Orson Welles, Michelangelo Antonioni, Jacques Tati, Maurice Pialat (dont le Nous ne vieillirons pas ensemble vient d’être opportunément réédité chez Archipoche), on en passe et des sans doute tout aussi bons, on ignore parfois que les plus grands cinéastes ont souvent été tentés par les chemins de traverse du roman. On l’ignore d’autant plus aisément que la plupart du temps ces coups d’essai littéraires étaient loin d’être à la hauteur de leurs films. Le génie souffle où il veut mais pas n’importe comment…
C’est pourquoi il était permis de se montrer quelque peu circonspect face à l’annonce de la publication de Footlights, roman inédit du grand Charlie Chaplin qui, après le cinéma, la comédie, le music-hall et la musique, rajoute ainsi une corde à son arc.
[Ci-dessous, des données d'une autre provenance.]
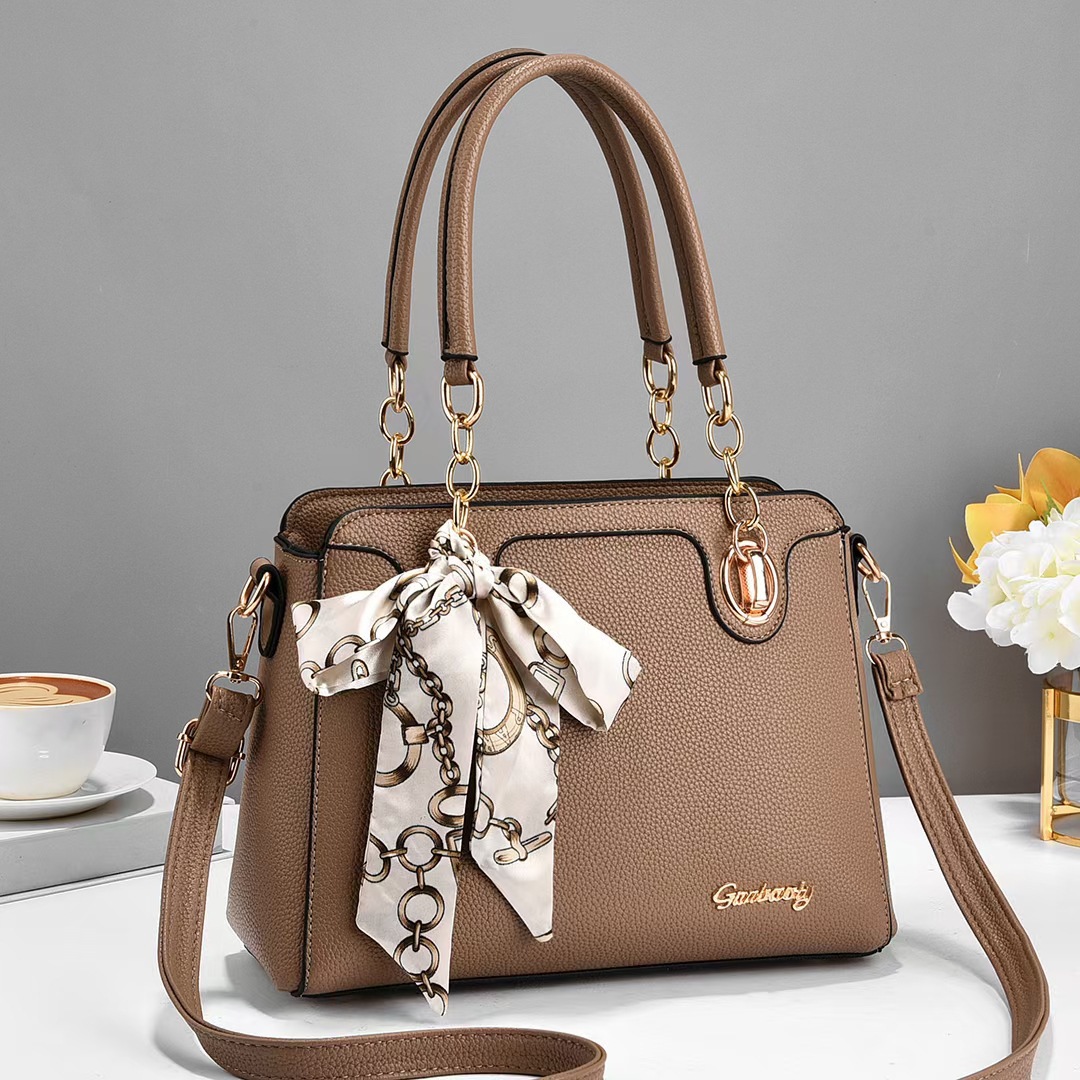 The manufacturer's 2023 new model of a stylish and elegant single-shoulder crossbody bag with a lychee pattern and a trendy casual handbag paired with a silk scarf Application Scenario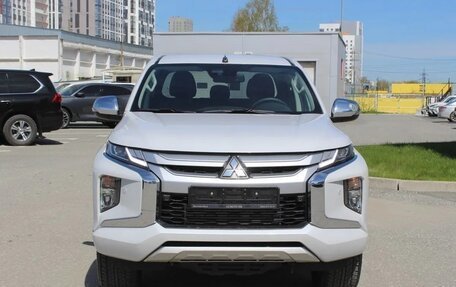 Mitsubishi L200 IV рестайлинг, 2023 год, 3 999 000 рублей, 2 фотография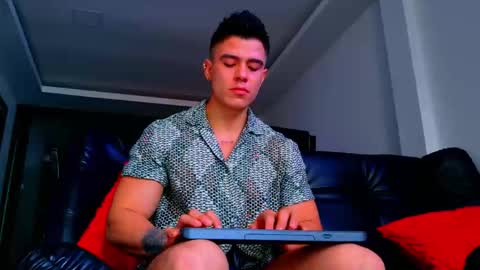 Snapshot of elian_craiggggg chatting on February 2026 08:06:01 PM Elian online show from February 2026 08:06:01 PM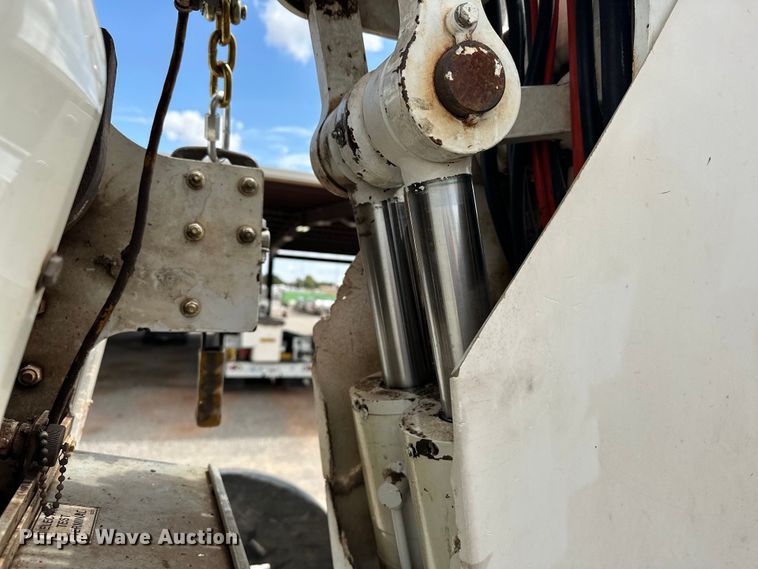 image for item EJ8964 2006 International  7600 bucket truck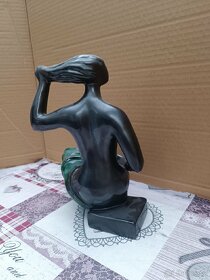 Forejtová Jitka Žena s vlajícími vlasy Brusel - 7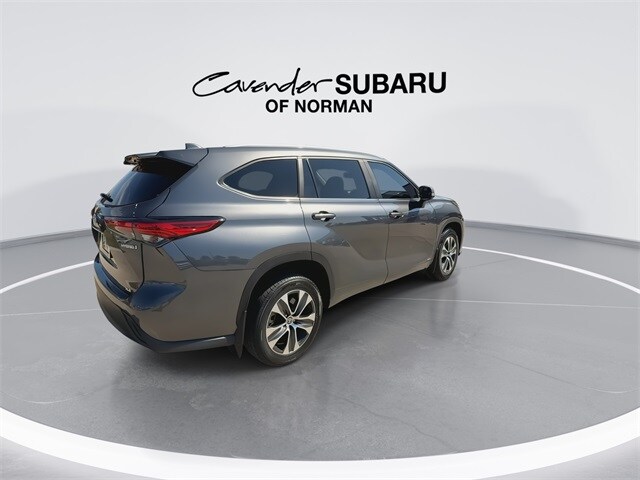 2023 Toyota Highlander Hybrid XLE photo 3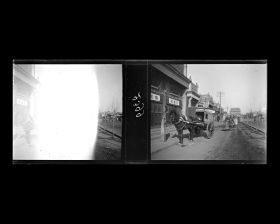 Image représentant Une voiture attelée sur Dianmendajie ("avenue à l'Extérieur de la Porte de la Paix Terrestre")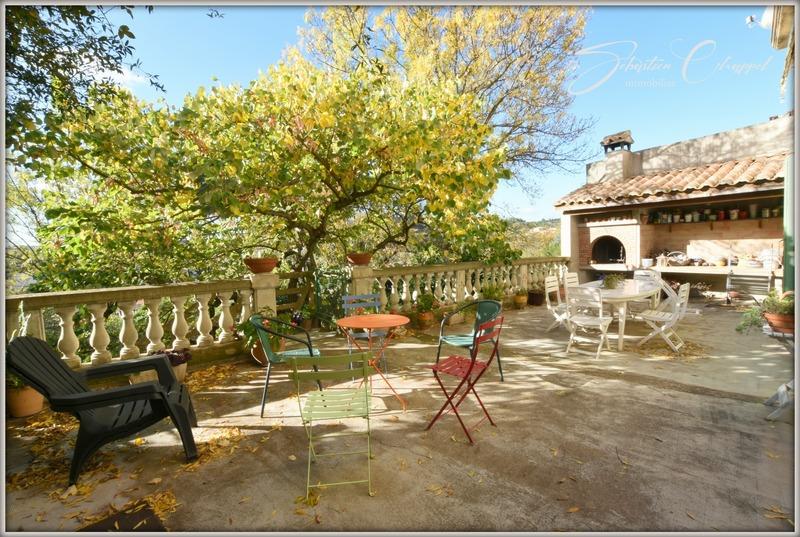 Maison - 170 m² - 6 pièces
Finalement, c’est la modestie du projet, le fait qu’à aucun moment Footlights ne se prend pour ce qu’il n’est pas, qui fait tomber ces préventions. Qu’est-il alors ? Un scénario, ce qui n’est pas rien. Celui de l’un des plus beaux films de Chaplin, Lesfeux de la rampe, récit des amours crépusculaires du vieux clown Calvero avec Terry, la ballerine triste, adieu aux armes, aux larmes et à la jeunesse. Un scénario que Chaplin mettra plus de vingt ans à écrire, le reprenant sans cesse et l’abandonnant presque aussi souvent, le destinant avant-guerre à sa femme Paulette Goddard (et "l’adossant" à sa fascination pour Nijinski, le danseur devenu fou), le reprenant après pour Claire Bloom (qui sera, elle, la femme de Philip Roth) pour une romance sur fond de West End londonien de ses jeunes années. Un scénario qui sera d’abord un roman, donc, sans que l’on sache vraiment la raison pour laquelle Chaplin choisit cette forme. Si ce n’est peut-être pour y rendre un hommage fervent à Dickens et à son univers qui, toujours, l’accompagna.
Il faut donc féliciter les éditions du Seuil de s’être lancées dans cette aventure éditoriale pour un livre d’aussi belle facture. David Robinson, qui est sans doute aujourd’hui le plus éminent des "chapliniens", en assure la préface ainsi qu’une passionnante monographie autour de L’univers des Feux de la rampe occupant toute la deuxième partie du volume. C’est toute la généalogie du film de Chaplin, de toute son œuvre finalement, qu’il exhume sans cuistrerie. Voici Londres et voici l’enfance, voici la misère et voici l’espoir d’horizons lointains. Ceux - l’Amérique - que Chaplin s’apprête en ces années noires du maccarthysme, à quitter pour un ultime exil, sans espoir de retour. Dans ses bagages, le plus beau film du monde et ce petit roman, qu’il gardera secret. Pourquoi ? O. M.